First a basic search using name (forenames and surnames), place and age. If a surname is double barrelled, users need to search on each element (e.g. for Lloyd-Gibson you may need to search on ‘Lloyd’ and ‘Gibson’). There will be the option of giving a range of years if the precise age of the individual is not known. Features of this basic search include the use of:

1. Wildcards for single or multiple characters (e.g. ‘BROW*’, ‘BR*N’, BR_N’ or BR*W*E’).
2. A soundex match to identify names with similar phonetics, such as Brown and Browne.
3. Synonyms and abbreviations (e.g., for John - Jon, Jack and Jno). Where users give a full forename the system will return matching synonyms and abbreviations. Therefore a search for ‘John Brown will also return all matching "Jno Brown" records etc.

If you find that your basic search returns too many results, then an advanced search is available using a variety of other fields to refine your search, such as ‘occupation’ and ‘where born’.

Charges
There will be a charge for part of the service so that we can test out the charging mechanisms in advance of the main 1901 service going live.

The index will be free. You can conduct as many basic and advanced searches as you wish, all for free.

The charged part works as follows:

1. Viewing a digital image of the census return. This will cost 80p. A digital image covers the whole page from the census enumerator’s book on which the individual’s entry appears. Once you have bought the image, you can save it to your own system and/or print out a copy. If you do not have printing facilities at home, you will be able to place an order online and a copy will be posted to you.
2. Viewing the details for an individual transcribed from the census returns. This will cost 40p. If you wish to view the details for all the others in the same household, you can do this for an extra 50p.

There will be clear instructions on how to make your payment for images and/or transcriptions.

How to pay
For the pilot you can only pay by credit card. The following credit cards will be accepted: Visa, MasterCard, American Express, Debit Cards (Switch/Delta).

The cost of administration makes it uneconomic to charge in very small units, so there will a minimum payment in advance for using a credit card. This will be £5 and will buy you multiples of transcripts and/or images. Once you have used up the first £5 it will be simply pay-as-you-go at the cost of each individual transaction. A credit card session will last for 24 hours, but in this period you may suspend and reactivate your search and use up any credit left on your £5 charge.

Your feedback is vital
Please help us by completing the online questionnaire which forms part of the pilot. The results of your feedback will be carefully analysed and used in the final stages of preparing the 1901 service for launch in January 2002.

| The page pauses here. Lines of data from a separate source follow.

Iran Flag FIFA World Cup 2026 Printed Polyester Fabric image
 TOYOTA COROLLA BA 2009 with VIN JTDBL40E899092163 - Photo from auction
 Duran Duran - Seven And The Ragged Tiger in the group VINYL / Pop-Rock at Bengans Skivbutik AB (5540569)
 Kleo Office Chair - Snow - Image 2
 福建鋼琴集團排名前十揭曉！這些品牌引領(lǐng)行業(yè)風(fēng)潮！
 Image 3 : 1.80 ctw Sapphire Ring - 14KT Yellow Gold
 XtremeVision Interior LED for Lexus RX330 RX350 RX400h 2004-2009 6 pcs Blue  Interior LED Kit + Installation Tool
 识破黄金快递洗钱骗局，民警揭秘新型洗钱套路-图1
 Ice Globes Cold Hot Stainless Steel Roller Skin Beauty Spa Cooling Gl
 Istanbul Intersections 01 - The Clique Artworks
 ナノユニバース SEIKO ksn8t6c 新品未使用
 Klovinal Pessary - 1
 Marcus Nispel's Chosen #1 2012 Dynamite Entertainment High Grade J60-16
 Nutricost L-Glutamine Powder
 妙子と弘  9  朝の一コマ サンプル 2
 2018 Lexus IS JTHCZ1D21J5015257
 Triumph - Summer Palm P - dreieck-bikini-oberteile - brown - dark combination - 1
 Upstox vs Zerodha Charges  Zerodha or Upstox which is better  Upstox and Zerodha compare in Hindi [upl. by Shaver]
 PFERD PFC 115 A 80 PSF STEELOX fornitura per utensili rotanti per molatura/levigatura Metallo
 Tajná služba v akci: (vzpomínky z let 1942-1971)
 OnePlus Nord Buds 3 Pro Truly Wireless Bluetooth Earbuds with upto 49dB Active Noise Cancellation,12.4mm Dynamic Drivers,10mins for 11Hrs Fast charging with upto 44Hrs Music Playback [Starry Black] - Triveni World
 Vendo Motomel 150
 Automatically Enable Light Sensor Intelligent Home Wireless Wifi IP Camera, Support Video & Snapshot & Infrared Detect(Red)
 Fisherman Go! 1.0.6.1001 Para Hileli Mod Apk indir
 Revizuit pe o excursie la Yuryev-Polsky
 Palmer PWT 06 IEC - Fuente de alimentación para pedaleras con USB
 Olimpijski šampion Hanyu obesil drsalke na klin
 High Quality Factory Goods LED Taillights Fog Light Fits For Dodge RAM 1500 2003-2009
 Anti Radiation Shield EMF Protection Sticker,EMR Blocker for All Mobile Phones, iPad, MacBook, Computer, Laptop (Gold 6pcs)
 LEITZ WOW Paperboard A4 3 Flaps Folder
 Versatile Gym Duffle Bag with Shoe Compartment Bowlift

I spent a bit of time on this new Web site and found it easy to use. The only mandatory item required for searches is the surname. However, you can also narrow the search by specifying any of the following:

* First name
* Age on 5th April 1891 (you can specify exact age or up to plus/minus ten years)
* Place

You also can specify either an exact match of the spelling of the name or widen the search to include all similar-sounding names.

If the above is insufficient, you may switch to an "Advanced Searches" form that gives you extra fields to enter search terms and more control over the synonym and "sounds like" facilities on first and last names. The extra search terms include occupation, where born, gender, relationship to the head of household, address and marital status.

Keep in mind that this is a pilot project. One of its primary purposes is to find any software bugs or unexpected conditions. Do not be surprised if you encounter a few. A feedback form is available on the Web site for reporting difficulties you may have encountered.

The new pilot project was shown to the public at the Society of Genealogists’ Fair in London on May 5 and 6. In addition, it will also be shown on June 23rd at the Yorkshire Family History Fair, York Racecourse, and also on July 7 at the South West Area Group of Family History Societies Family History Fair, Winter Gardens, Weston-Super-Mare.